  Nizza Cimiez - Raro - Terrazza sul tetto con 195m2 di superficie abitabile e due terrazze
■ ■ ■ ■
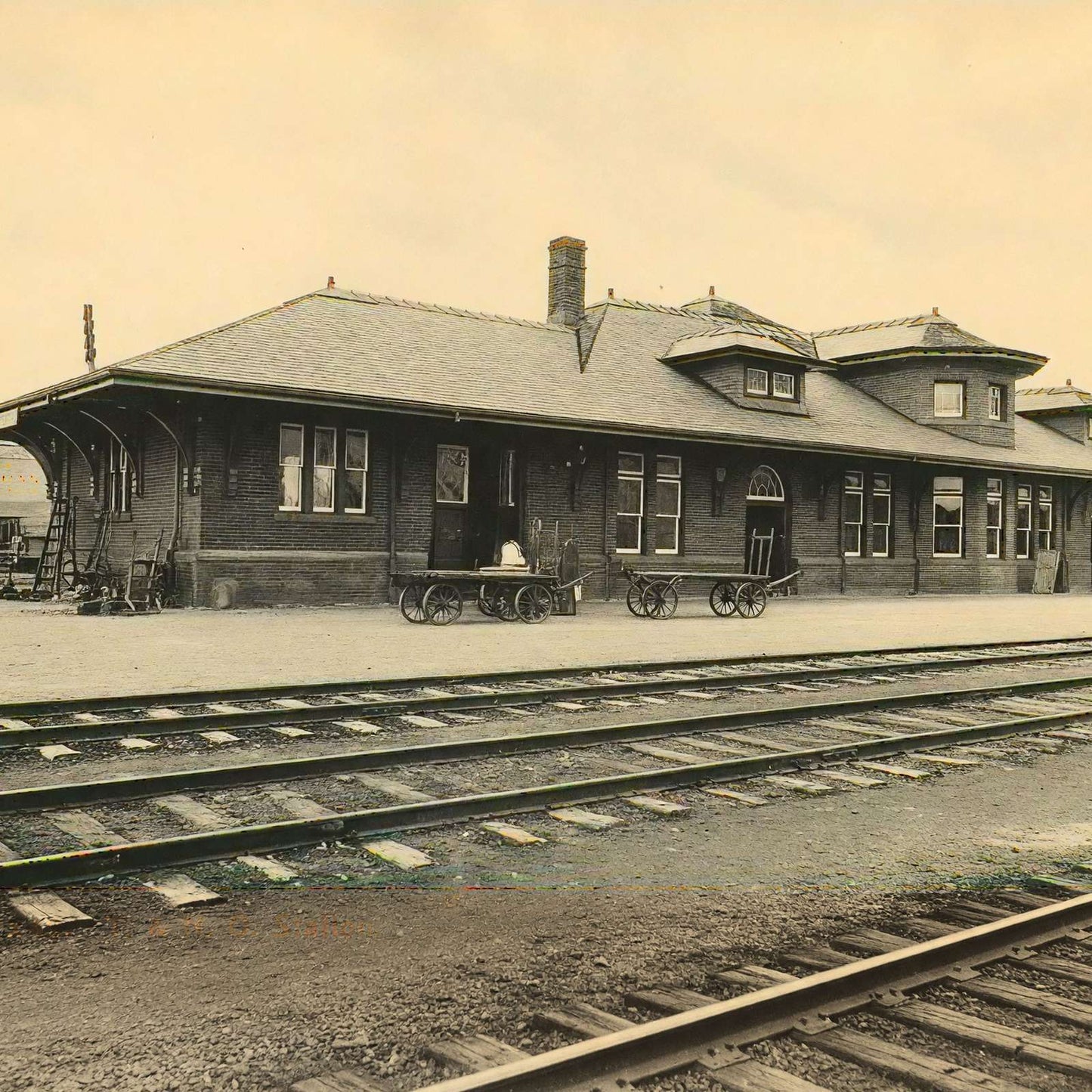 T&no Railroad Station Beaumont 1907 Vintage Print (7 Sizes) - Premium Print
■ ■ ■ ■
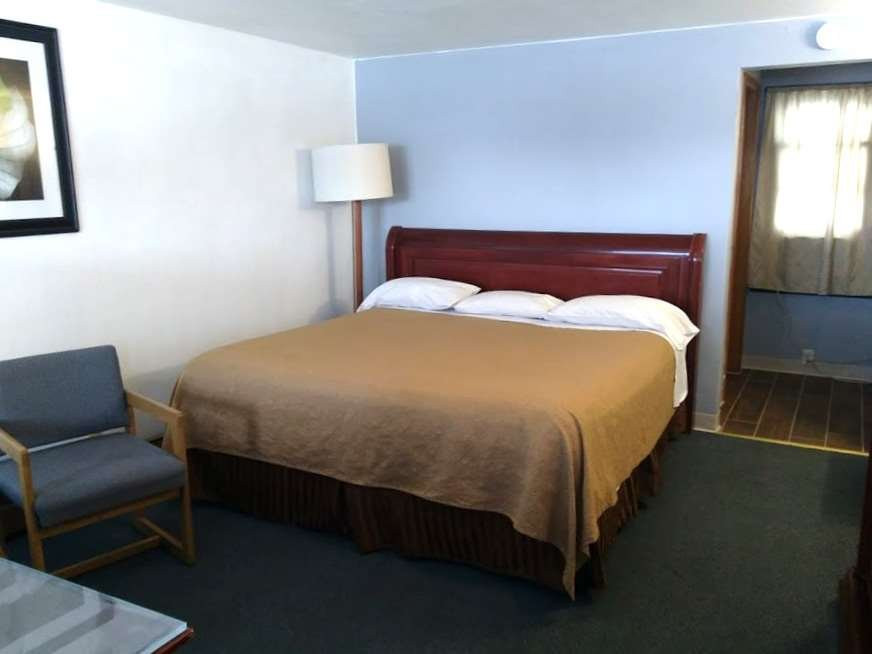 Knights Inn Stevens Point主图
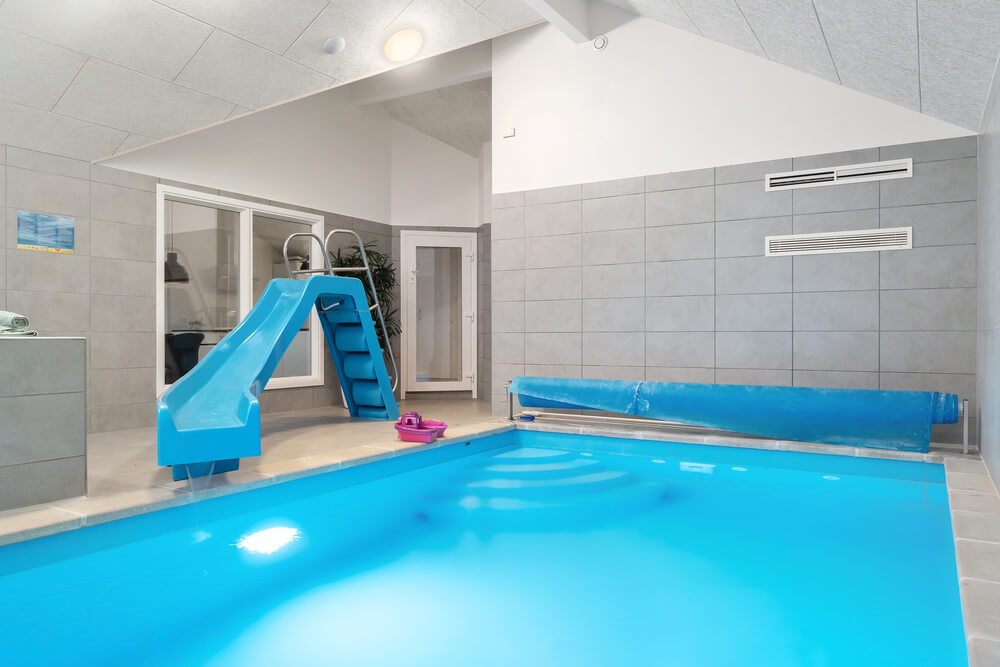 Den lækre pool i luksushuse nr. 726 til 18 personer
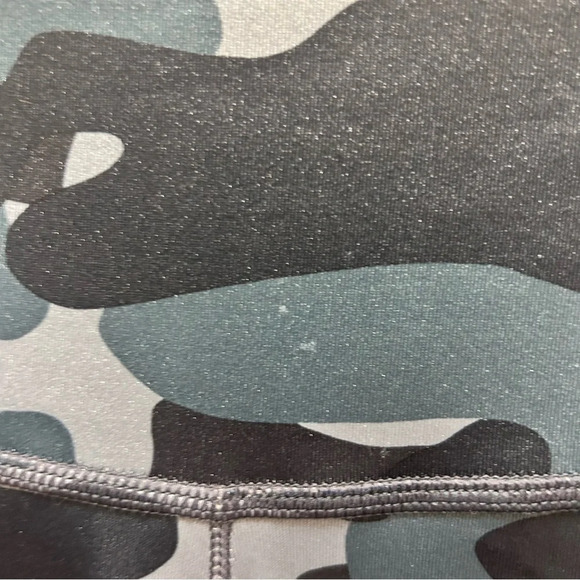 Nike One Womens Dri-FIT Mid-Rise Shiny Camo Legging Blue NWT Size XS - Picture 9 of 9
■ ■ ■ ■
### The task
Please set down, exactly and with no pictures, the lines in the entries above starting at the one holding "Den lækre pool" and ending at the one holding "Nike One Womens", ends included.

### Solution for this task
 Den lækre pool i luksushuse nr. 726 til 18 personer
 Nike One Womens Dri-FIT Mid-Rise Shiny Camo Legging Blue NWT Size XS - Picture 9 of 9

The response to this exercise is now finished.